Of course it is by no means all negative. In addition to good outcomes from its overseas aid programmes, the UK also supports and enables development in many other ways: for example by its support of international governance through the UN and other bodies, by the relatively enlightened approach of many UK-based and -regulated international companies, and by its anti-corruption policies, to name but three.
I am not arguing here for any specific change in UK government policy on any of these issues. Indeed, each of them represents the tip of an iceberg made up of a complex and nuanced network of inter-connected issues to which there no easy and obvious solution. I simply cite them as but a few among the manifold ways in which the government’s policies make a difference to the development prospects of people living far away.
This brings me to my main, final and simple point, which is that the bodies which scrutinise government policy and practice ought to look much more widely than at its official aid programme, if they are to make informed judgements about the effectiveness of government’s policy to support development in poorer countries.
As far as I can see, ICAI’s mandate is a narrow one: it was set up to evaluate the impact of the UK’s overseas development aid. That is a pity, because it has shown that it combines the mandate and approach to shine a powerful forensic light on the issues which it investigates.

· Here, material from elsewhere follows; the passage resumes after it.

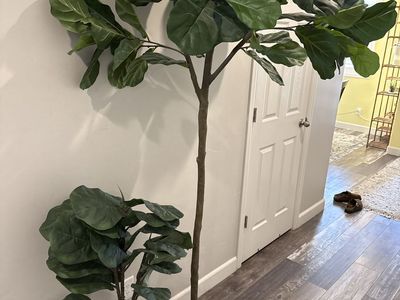 Artificial Fiddle Leaf Fig Trees – Large & Medium – Like New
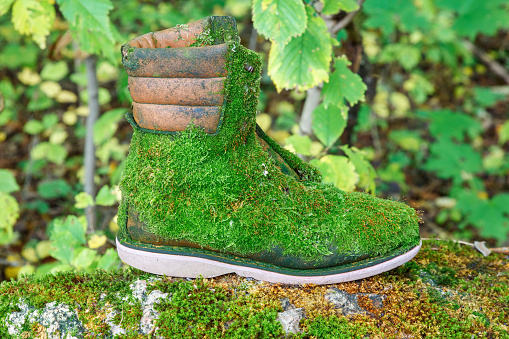 Boot covered with green moss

So we must look to the IDC to open up the broader line of inquiry which this analysis suggests: into to the various other ways in which UK government policy and actions impact the development prospects of people far away, whether for good or ill. Perhaps in so doing, the IDC should borrow a leaf from ICAI’s book, and commission a strong, analytical report on the topic, rather than simply asking for a series of submissions and answers to questions from a range of witnesses, which often seems to lead to a rather diffuse and unfocussed report.